Dean of the Cal Poly College of Liberal Arts (CLA) Linda Halisky announced last Tuesday, Sept. 13, that she would be retiring at the end of the 2011-2012 academic year.
Halisky said, the time seemed right to retire, Halisky said, because it coincides with the end of a five-year goal set by the CLA in 2007 to make the liberal arts college “embraced as integral to Cal Poly’s mission in the 21st century.”
Throughout the past five years of her career, Halisky has been focused on improving the programs offered by CLA and creating new programs that incorporate liberal arts and engineering.
“During these five years, my job has really been to keep that conversation going across the university,” Halisky said.
This included starting a new undergraduate degree program in liberal arts and engineering studies. More than 50 students graduated from the program as of last spring.
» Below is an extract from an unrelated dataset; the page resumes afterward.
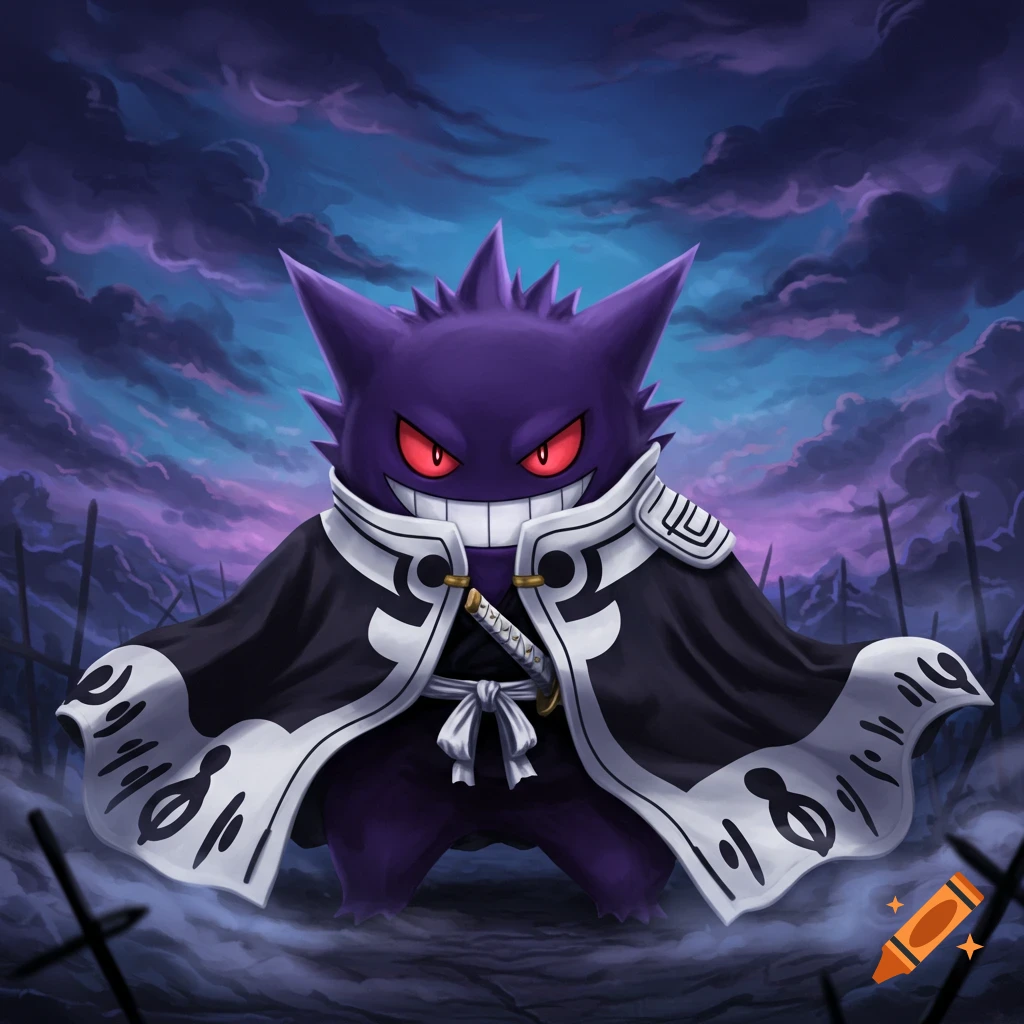 A purple Gengar wearing a black and white samurai-style captain's cloak with a katana, set against a dark, stormy sky.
Halisky also worked with the CLA by hiring more tenure-track professors and replacing lecturing positions with tenure positions. She said she wanted to see at least some of the newer professors get tenure before she retired and she has now seen that goal achieved.
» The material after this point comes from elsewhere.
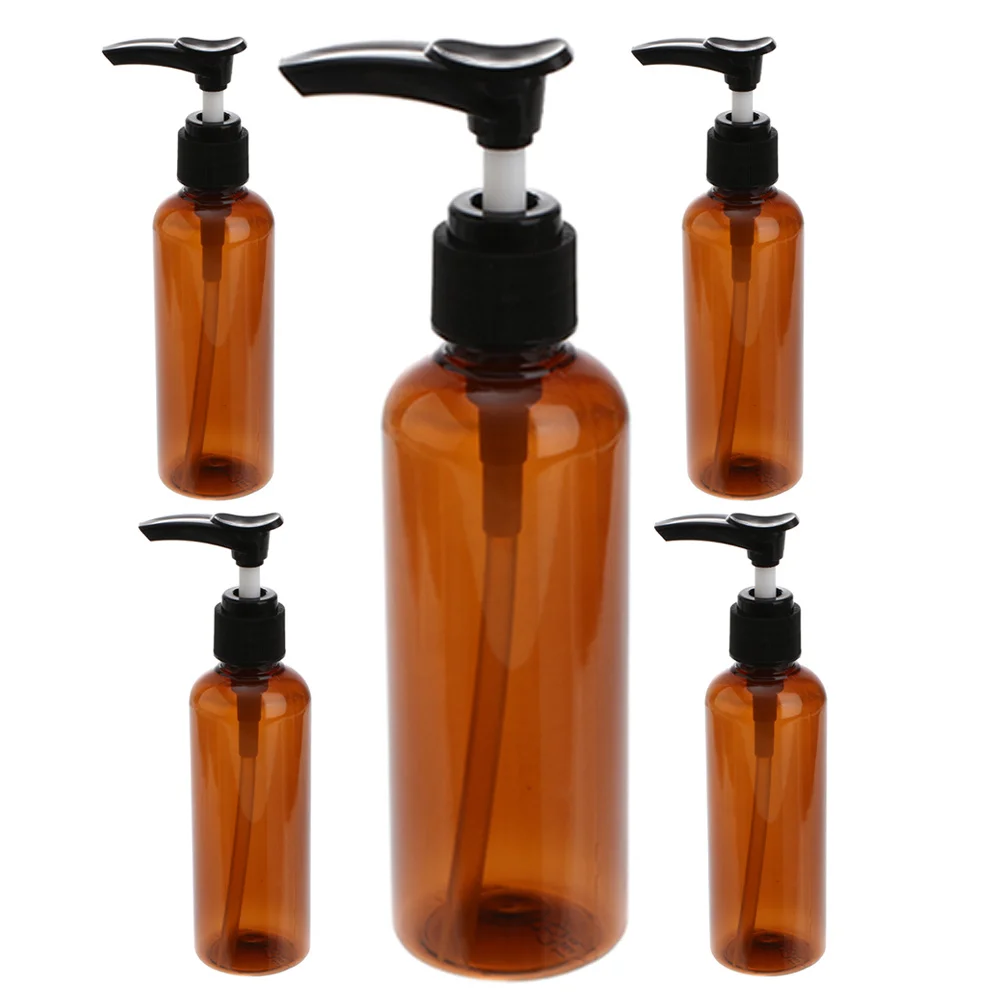 Bouteilles à pompe anti-fuite, 5 pièces, bouteilles vides rechargeables de 100ml, distributeur de shampoing de voyage, bouteille à pompe pour savon liquide de lavage du corps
After seven years, Halisky said it was time to step back and let someone new take the helm of the CLA, and see how a new dean can continue to help the college grow.
“It feels like we’ve created this wonderful basket that we can just hand to this new dean that’s full of all these goodies and say, ‘Here, here is this gift. Run with it,’” Halisky said.
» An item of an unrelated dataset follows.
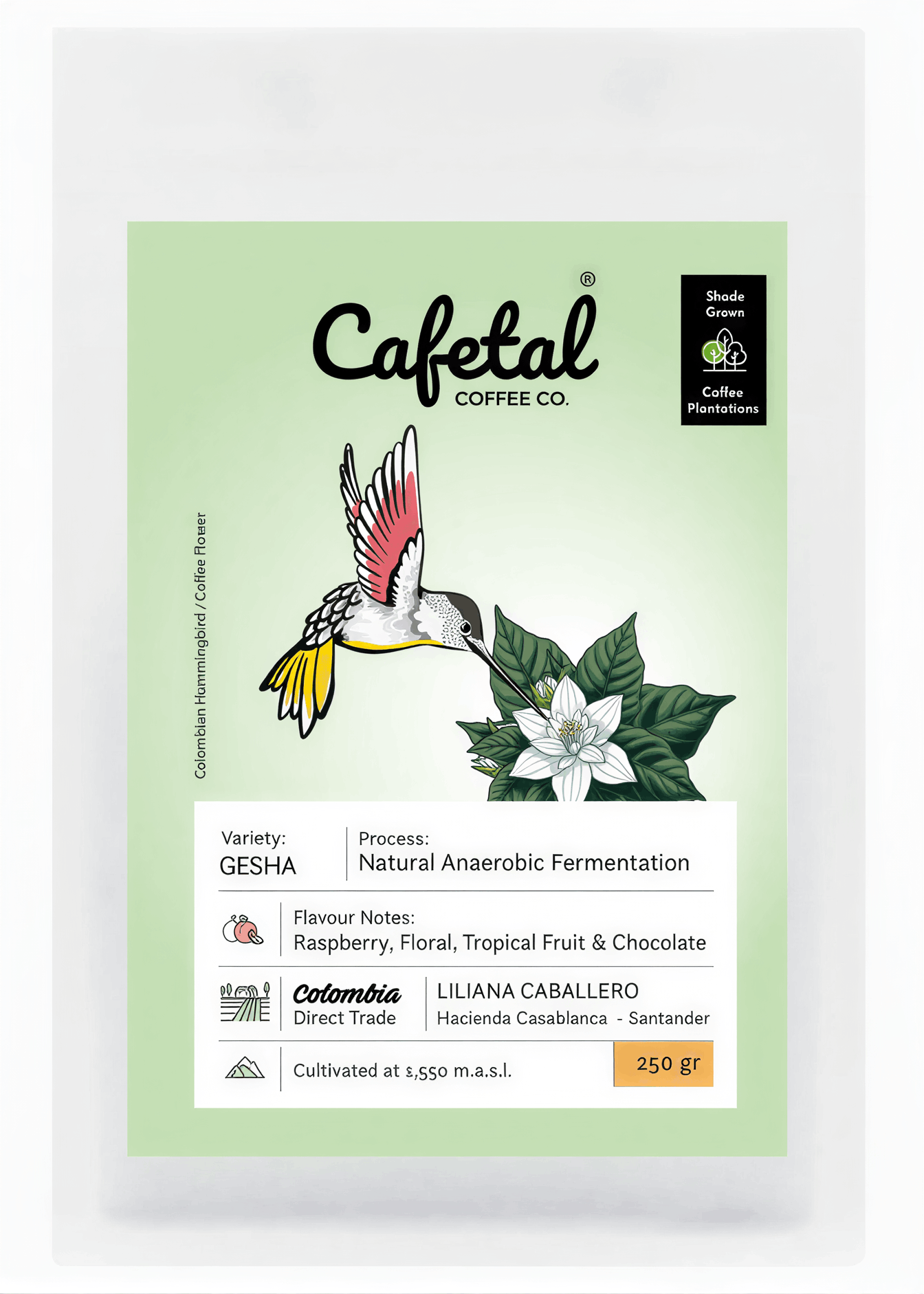 Cafetal Coffee Co. Colombia Direct Trade Gesha coffee bag, 250g.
Chair of the graphic communication department Harvey Levenson said he was not surprised when he first heard that Halisky was considering stepping down because Halisky had spent such a lengthy time at the job.
“Eight years for a dean is a long time,” Levenson said. “It’s a very demanding position — it’s a 24/7 position.”
Levenson was on the committee that selected Halisky more than eight years ago. Halisky stood out from the other candidates because she was not only an internal candidate, but a popular choice, Levenson said.
“She was by far the candidate of choice during that selection period,” Levenson said.
Halisky continued to stand out in the college even after she was chosen as dean.
Chair of the music department, Terry Spiller said Halisky’s commitment to furthering the interests of liberal arts at Cal Poly helped her stay in the position for so long. Halisky has helped Cal Poly recognize that the arts are an important part of the college environment in a school historically focused on sciences, engineering and architecture, Spiller said.
“Dean Halisky has made sure that people realize that not only is the CLA outstanding in its own right, but that what the CLA offers is integral to the polytechnic environment,” Spiller said.
President Jeffrey Armstrong said Halisky’s lasting mark on Cal Poly will be her advocacy for the arts.
Cal Poly focused on “STEM”-or science, technology, engineering and mathematics-prior to Halisky’s term as dean, Armstrong said.
“Linda Halisky put the STEAM in STEM,” he said. “She added the arts.”
The search for a new dean has not yet begun but the school will be looking for a candidate with the same qualities that helped Halisky serve for so long, Armstrong said. He attributed Halisky’s long tenure to the same principles that Armstrong said have made Cal Poly great: a focus on student success, “Learning By Doing”, excellence and cooperation.
Above all, a new dean must be committed to “helping people understand what it means to be a completely polytechnic university,” Armstrong said.
After the end of the year, Halisky said she hopes to return to the English department where she started teaching as an assistant professor approximately 30 years ago.
Halisky said she wants to go back to teaching classes on traditional American literature, Milton, Emerson, Thoreau and a graduate-level class on Renaissance literature.